Lupin has 13 manufacturing facilities across India, Japan and Mexico, employing more than 1,600 people globally and is the global leader in manufacturing and marketing generic anti-TB medicines and cephalosporins. As of December 2015, the company had 87 products in the US market.
Cipla – $1.8bn
Cipla continued to generate most of its sales from India, followed by ROW, South Africa and North America in 2015. The year’s major highlight was the announcement to acquire 100% stake in the generic businesses InvaGen Pharmaceutical, and Exelan Pharmaceuticals. Acquisitions were completed in February 2016, providing the company with a platform to grow its share in the US pharmaceutical market, which currently generates approximately 8% of Cipla’s total revenue.
Cipla launched the generic Sofosbuvir drug in India under the brand name Hepcvir in March 2015 and Ledipasvir-Sofosbuvir in India called Hepcvir-L in December. Sofosbuvir is indicated for treatment of hepatitis C, and Ledipasvir-Sofosbuvir is to treat chronic hepatitis C genotype 1 patients. The company also received US FDA approval for the world’s first paediatric Lopinavir and ritonavir (LPV/r) 40mg/10mg oral pellets for treatment of AIDS in June that year.

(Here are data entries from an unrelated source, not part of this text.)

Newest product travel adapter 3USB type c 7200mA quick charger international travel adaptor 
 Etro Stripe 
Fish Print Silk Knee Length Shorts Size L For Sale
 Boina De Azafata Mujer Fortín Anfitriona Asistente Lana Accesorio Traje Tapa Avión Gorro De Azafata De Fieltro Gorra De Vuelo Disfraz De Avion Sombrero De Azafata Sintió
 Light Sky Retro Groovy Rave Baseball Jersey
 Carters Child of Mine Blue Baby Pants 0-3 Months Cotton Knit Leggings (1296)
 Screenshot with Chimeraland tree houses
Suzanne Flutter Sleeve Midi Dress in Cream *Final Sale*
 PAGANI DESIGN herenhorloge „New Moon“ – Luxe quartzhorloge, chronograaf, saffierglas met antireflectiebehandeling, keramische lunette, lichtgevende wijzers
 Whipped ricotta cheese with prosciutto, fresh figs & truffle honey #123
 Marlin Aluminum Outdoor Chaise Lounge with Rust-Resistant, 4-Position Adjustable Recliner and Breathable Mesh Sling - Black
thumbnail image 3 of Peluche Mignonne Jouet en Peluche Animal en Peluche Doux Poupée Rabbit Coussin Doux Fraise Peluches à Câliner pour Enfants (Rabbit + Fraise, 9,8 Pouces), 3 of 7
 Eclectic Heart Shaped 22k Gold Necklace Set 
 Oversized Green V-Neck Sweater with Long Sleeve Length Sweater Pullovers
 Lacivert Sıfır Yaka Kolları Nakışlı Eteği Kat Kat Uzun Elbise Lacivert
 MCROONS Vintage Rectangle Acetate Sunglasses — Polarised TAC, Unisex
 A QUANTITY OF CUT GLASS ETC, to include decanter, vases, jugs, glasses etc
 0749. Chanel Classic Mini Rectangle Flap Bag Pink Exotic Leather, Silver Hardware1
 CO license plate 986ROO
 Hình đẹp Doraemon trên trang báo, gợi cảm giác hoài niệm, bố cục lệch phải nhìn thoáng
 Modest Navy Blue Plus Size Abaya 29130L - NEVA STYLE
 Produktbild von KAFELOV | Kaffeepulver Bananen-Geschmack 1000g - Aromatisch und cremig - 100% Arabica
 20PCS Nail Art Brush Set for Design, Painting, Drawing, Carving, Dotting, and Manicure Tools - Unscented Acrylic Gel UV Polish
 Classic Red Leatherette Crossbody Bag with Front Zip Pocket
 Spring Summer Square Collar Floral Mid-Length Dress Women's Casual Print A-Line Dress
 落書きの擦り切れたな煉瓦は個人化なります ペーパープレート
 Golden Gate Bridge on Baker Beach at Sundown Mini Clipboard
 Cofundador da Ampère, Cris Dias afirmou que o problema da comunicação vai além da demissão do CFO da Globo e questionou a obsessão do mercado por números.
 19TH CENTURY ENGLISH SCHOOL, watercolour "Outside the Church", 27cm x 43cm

The company has three major units, API, Respiratory, and Cipla Global Access (C-GA), which focus on four key therapy areas, including HIV/AIDS, malaria, multi drug-resistant tuberculosis and reproductive health. It employs approximately 20,000 people globally, has roughly 1,500 products in its portfolio, with more than 60 dosage forms, and has a presence in more than 150 countries.